▸ WHAT NEEDS TO BE DONE:
Nothing but the lines below between the line holding "We prefer to" and the line holding "Would you like", inclusive, should appear in the answer, each set down exactly.

*** MATERIAL SHOWN ***

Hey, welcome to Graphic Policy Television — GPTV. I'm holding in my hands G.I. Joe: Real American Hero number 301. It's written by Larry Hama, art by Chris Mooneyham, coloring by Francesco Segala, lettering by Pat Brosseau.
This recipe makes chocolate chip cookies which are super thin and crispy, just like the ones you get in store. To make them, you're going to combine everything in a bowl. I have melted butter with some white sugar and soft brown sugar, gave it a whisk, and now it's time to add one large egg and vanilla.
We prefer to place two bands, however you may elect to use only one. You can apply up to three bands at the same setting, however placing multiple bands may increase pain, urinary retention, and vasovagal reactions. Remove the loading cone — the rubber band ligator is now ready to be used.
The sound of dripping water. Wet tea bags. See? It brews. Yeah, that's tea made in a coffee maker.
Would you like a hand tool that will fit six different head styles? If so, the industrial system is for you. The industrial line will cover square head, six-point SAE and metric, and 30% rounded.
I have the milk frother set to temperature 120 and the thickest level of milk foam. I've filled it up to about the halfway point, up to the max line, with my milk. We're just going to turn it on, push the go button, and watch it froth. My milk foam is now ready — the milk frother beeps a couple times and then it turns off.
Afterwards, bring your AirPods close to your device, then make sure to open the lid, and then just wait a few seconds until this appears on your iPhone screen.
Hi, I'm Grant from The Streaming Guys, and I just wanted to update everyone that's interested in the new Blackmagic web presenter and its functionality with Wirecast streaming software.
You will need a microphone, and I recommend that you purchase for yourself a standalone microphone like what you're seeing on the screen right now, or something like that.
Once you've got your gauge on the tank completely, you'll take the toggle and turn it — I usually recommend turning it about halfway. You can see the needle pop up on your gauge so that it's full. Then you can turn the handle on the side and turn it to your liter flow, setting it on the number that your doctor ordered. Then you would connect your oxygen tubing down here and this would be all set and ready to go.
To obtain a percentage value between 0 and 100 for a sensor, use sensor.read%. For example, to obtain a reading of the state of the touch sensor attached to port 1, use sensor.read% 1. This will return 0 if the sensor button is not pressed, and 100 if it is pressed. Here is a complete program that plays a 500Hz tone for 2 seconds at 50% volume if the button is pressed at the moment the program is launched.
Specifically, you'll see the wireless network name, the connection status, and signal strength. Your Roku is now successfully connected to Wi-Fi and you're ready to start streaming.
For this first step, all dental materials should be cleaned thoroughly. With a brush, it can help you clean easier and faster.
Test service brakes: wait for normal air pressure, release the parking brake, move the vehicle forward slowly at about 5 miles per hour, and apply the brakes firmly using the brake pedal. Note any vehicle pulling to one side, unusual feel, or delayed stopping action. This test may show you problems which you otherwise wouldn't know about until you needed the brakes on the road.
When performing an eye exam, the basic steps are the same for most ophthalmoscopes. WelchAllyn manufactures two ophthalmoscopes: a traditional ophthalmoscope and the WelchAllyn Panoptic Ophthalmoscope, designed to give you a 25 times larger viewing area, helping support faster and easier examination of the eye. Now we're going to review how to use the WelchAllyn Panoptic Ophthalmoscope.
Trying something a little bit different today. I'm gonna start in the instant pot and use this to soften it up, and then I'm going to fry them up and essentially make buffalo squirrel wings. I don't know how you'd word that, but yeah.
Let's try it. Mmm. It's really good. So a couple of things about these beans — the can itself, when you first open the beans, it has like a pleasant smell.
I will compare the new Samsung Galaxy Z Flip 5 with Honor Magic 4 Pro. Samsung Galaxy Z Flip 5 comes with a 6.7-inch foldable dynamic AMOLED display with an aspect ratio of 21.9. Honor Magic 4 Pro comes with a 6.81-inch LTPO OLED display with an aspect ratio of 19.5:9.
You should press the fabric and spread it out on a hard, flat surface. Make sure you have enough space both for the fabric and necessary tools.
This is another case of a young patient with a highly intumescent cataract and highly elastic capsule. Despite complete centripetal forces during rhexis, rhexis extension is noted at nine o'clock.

***

▸ RESPONSE AREA:
We prefer to place two bands, however you may elect to use only one. You can apply up to three bands at the same setting, however placing multiple bands may increase pain, urinary retention, and vasovagal reactions. Remove the loading cone — the rubber band ligator is now ready to be used.
The sound of dripping water. Wet tea bags. See? It brews. Yeah, that's tea made in a coffee maker.
Would you like a hand tool that will fit six different head styles? If so, the industrial system is for you. The industrial line will cover square head, six-point SAE and metric, and 30% rounded.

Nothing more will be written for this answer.